In an attempt to determine whether the parties to a collective bargaining contract have excluded certain issues from the arbitration procedure courts have attempted to distinguish between substantial and procedural arbitrability. The former concept is concerned with the question of whether the parties have contractually agreed to submit the issue to arbitration. It is generally held that this issue must be decided by the courts because a party may not be compelled to arbitrate an issue unless there was contractual consent. International Union, United Auto Aerospace and Agricultural Implement Workers of America v. Folding Carrier Corporation, a Division of Unarco Industries, Inc., 422 F.2d 47, 49. In contrast, the concept of procedural arbitrability encompasses the question of whether a grievance procedure applies to a particular dispute and whether the parties have followed or excused the particular procedure.

As a general rule, the arbitrator is called upon to decide questions of procedural arbitrability. Id. Despite the use of these concepts by the courts, the Supreme Court has recognized that labor disputes cannot always be broken down into their substantive or procedural aspects; “questions concerning the procedural prerequisites to arbitration do not arise in a vacuum.” John Wiley & Sons v. Livingston, 376 U.S. at 558, 84 S.Ct. at 918. Therefore, these concepts cannot be applied in an absolutist fashion, nor do the concepts necessarily provide a workable analysis. The essential inquiry when determining the arbitrability of an issue should be the intent of the parties to the contract.

Applying these principles to the present dispute, the first step in the analysis is to interpret the collective bargaining contract and ascertain the intent of the parties.

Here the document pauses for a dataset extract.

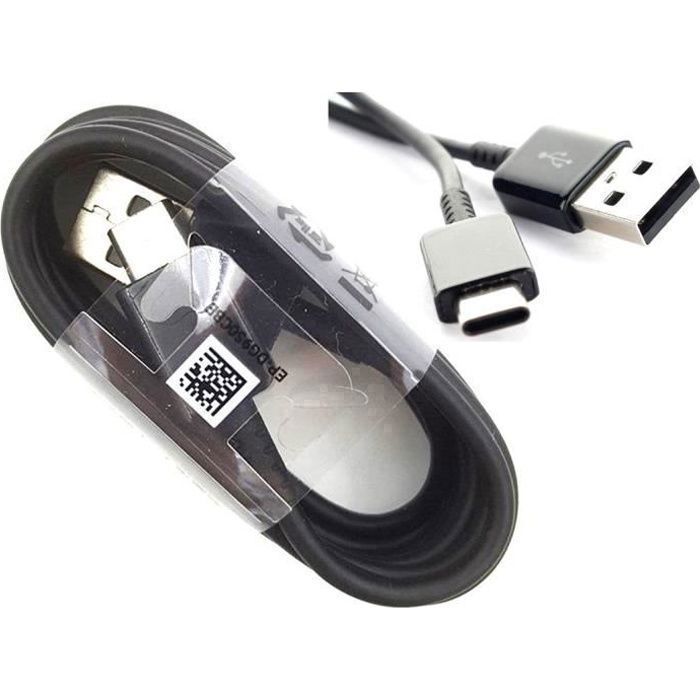 Câble Chargeur Cordon d'Alimentation charge rapide USB Type C Original Samsung Pour Galaxy Note 7 8 9 A3 A5 A7 2017 M30 A30 A50 - vue 2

In Article III, Section 3 of the agreement, the parties explicitly provide that complaints concerning layoff or discharge of members of the Union “be filed in writing with the Company within five (5) working days from the date of notice of such layoff or discharge. Failure to present such grievance within such period shall constitute a bar to further action.” It is the opinion of this Court that it is obvious from this provision of the contract that the parties did not intend to commit every dispute to grievance and arbitration procedures. The existence of this language negates the conclusion that the parties regarded the requirement of filing a grievance with the company as a mere procedural formality to be dispensed with unilaterally. See Philadelphia Printing Pressmen’s Union v. International Paper Co., 648 F.2d 900 (3rd Cir. 1981). Therefore, requiring the defendant to submit the Craft discharge grievance to the grievance procedures provided in the agreement would be in contravention of the plain language of the agreement and the intent of the parties to the contract. Therefore, plaintiff’s request for an order requiring the defendant to submit the discharge grievance to the grievance procedures described in the Collective Bargaining Agreement will be denied.

Accordingly, judgment will be entered for the defendant.